EDITORIAL: Little flavour in salt debate
LIKE smoking, drinking in excess and driving while talking on the phone, eating too much salt is bad for our health.
The scientific and statistical research that motivates government efforts to reduce the negative effects these habits and lifestyle choices have on society is indisputable. Less clear, however, is whether direct state intervention is always justified, necessary, effective or even - when taken to extremes - legal.
Few would dispute these days that exercising the right to smoke should be banned by law in public buildings on the basis that lighting up infringes others' right to breathe fresh air. Similar arguments can be made for regulations preventing people from driving while drunk or using cellphones - individual rights can and should be limited when exercising them endangers others, and society should not be expected to carry the cost burden of individuals' poor lifestyle choices.
However, even if you exclude the issue of enforceability, there is also some merit to the position of those who oppose the excessive regulation of society. At what point does protecting people from secondhand smoke switch from legitimate concern over their health to an unjustified assault on smokers' rights, for instance? Is smelling smoke in an open-air stadium a genuine health risk, or a mere inconvenience? Similarly, it is highly debatable whether banning alcohol advertising would be effective as a means of reducing abuse, and therefore whether such draconian intervention is justified given the likely job losses.
The question of salt intake is more complex, since it is only partly a matter of individual choice. We opt to smoke, drink or answer a ringing phone, but are not always in a position to decide - or even notice - how much salt the food we buy contains. And imposing limits on the salt content of processed foods, as the government is now set to do, does not necessary limit choice since individuals remain free to add salt to their meals should they so wish.

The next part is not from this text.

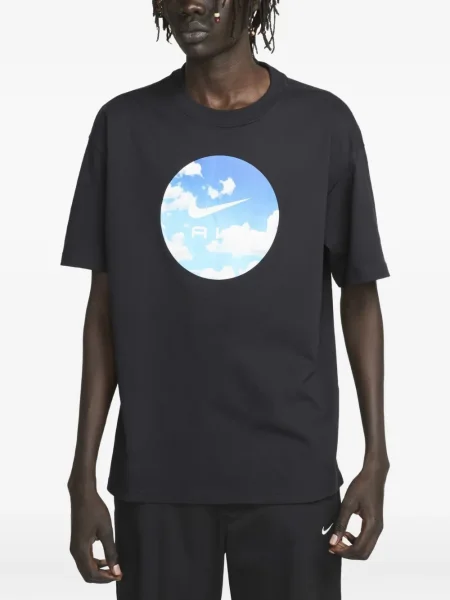 Geacă Nike cu imagine din fleece negru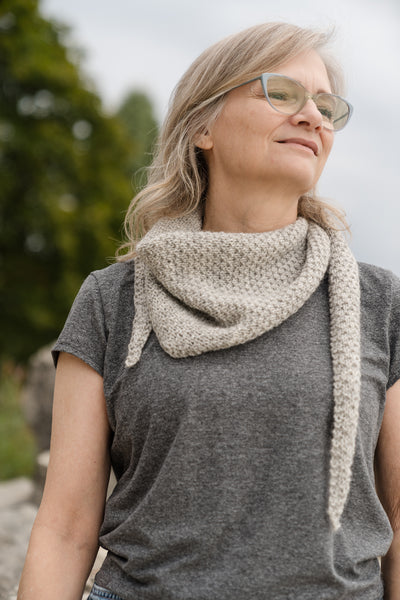 Purl Dust Triangle Scarf Pattern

The deciding factor should perhaps be the fact that there is little opposition to the move by the formal food sector, although it will bear much of the compliance burden. This may in part be because the big multinational companies have already gone through this process in the developed world, so it actually might be easier for them to conform to the same standards in South Africa.
It has also been suggested that the bigger companies would prefer government regulation to a voluntary arrangement because all food producers, big and small, would then be on the same playing field.